Pawlenty asks cities to tell him can be cut from their budget
ST. PAUL -- Gov. Tim Pawlenty said small cities will be protected when he cuts spending to balance the state budget, but he wants other cities and counties to say how much state aid they can live without.
Minnesota's smallest counties and cities may not see a loss in state aid when Pawlenty cuts spending himself, the governor and his staff said Thursday, but other local governments should expect less.
"What (funding) cut level can they take and not complain?" Pawlenty said he will ask local officials and other interest groups. "That's what we'd like to hear from them."
Lawmakers ended their 2009 legislative session Monday without reaching agreement with Pawlenty on a new two-year state budget.
A $2.7 billion gap exists between the spending Pawlenty signed into law and the revenue the state expects to collect, so the governor says he must use a process called unallotment to cut spending. He could have a plan to trim the state budget and delay some state payment to schools by July 1, when the new budget period begins.
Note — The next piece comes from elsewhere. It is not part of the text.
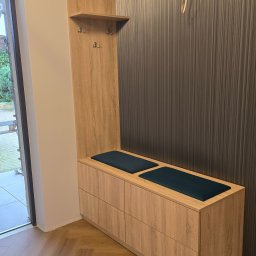 SEBEX Sebastian Chojnacki - Funkcjonalna szafka z siedziskiem i wieszakami w przedpokoju. Drewnopodobny dekor, pionowe panele na ścianie, podłoga ułożona w jodełkę. Widok na zewnątrz przez otwarte drzwi.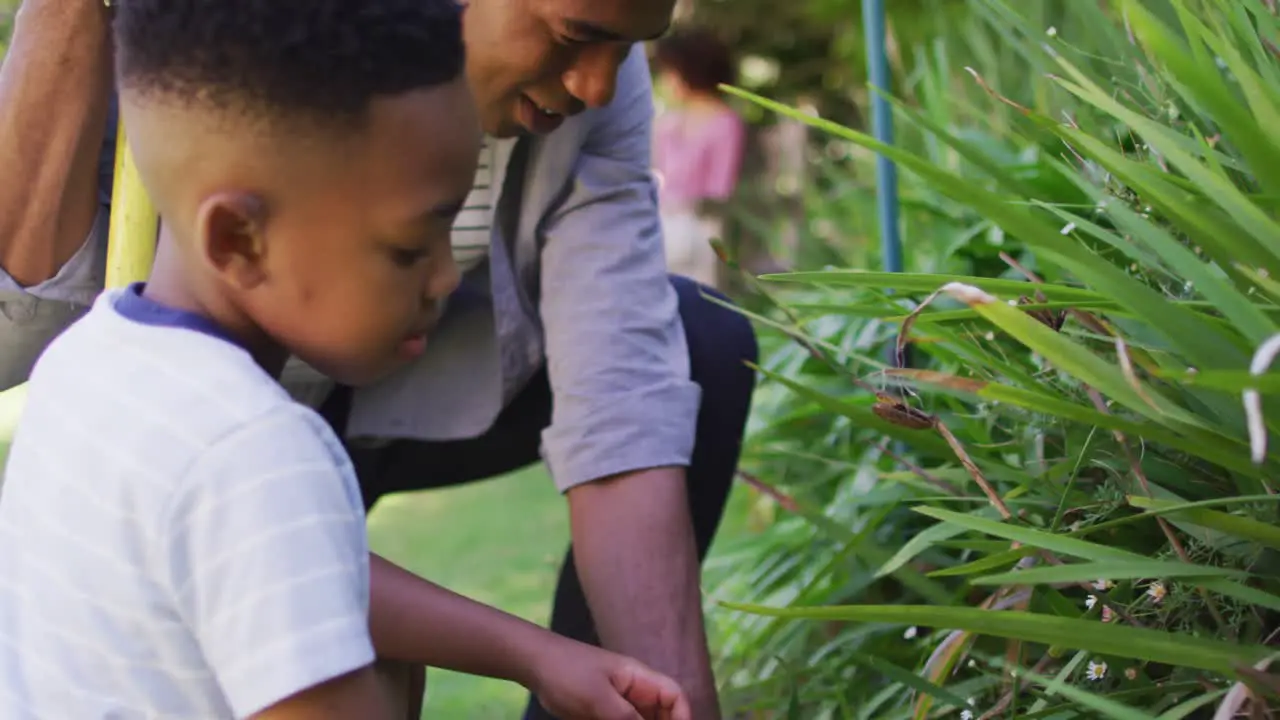 Happy african american father and son taking care of plants outdoors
Following a meeting with his agency commissioners, Pawlenty said wherever possible his administration will cut spending in the second year of the two-year budget, beginning July 1, 2010. That would allow time for budget work during the 2010 legislative session.
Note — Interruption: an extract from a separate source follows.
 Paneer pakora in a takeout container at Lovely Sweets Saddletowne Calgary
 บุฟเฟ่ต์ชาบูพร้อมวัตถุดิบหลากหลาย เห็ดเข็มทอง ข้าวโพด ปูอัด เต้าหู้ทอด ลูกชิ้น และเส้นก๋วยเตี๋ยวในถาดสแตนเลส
The governor sent a letter to all 201 state legislators asking for their suggestions on possible budget cuts. Pawlenty said he would write a similar letter to interest groups that could be affected, such as health-care and local-government organizations, and will meet with them.
Also Thursday, the governor vetoed a tax bill that the Democrats in control of the Legislature passed in the session's final minutes Monday. It raised taxes by $1 billion, but did not include any local government aid cuts.
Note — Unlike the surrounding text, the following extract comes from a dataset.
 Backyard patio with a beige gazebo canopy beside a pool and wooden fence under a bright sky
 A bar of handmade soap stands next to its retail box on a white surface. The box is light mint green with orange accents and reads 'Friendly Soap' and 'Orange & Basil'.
"They have taken their hit," Assistant Senate Majority Leader Tarryl Clark, DFL-St. Cloud, said of cities and counties.
Pawlenty cut state aid to local governments through unallotment in December to help balance the current state budget, but spared small cities and counties.
Local government organizations have lobbied hard against budget cuts that they will hurt basic services, including public safety. Officials plan a Capitol news conference today to discuss local government aid cuts.
People, businesses and organizations across the state are tightening their fiscal belts in light of the economic recession, Pawlenty said.
"To have cities come forward and say we can't take any cut at all is hogwash," Pawlenty said. "It's hogwash. And they need to get their head into the reality of these times."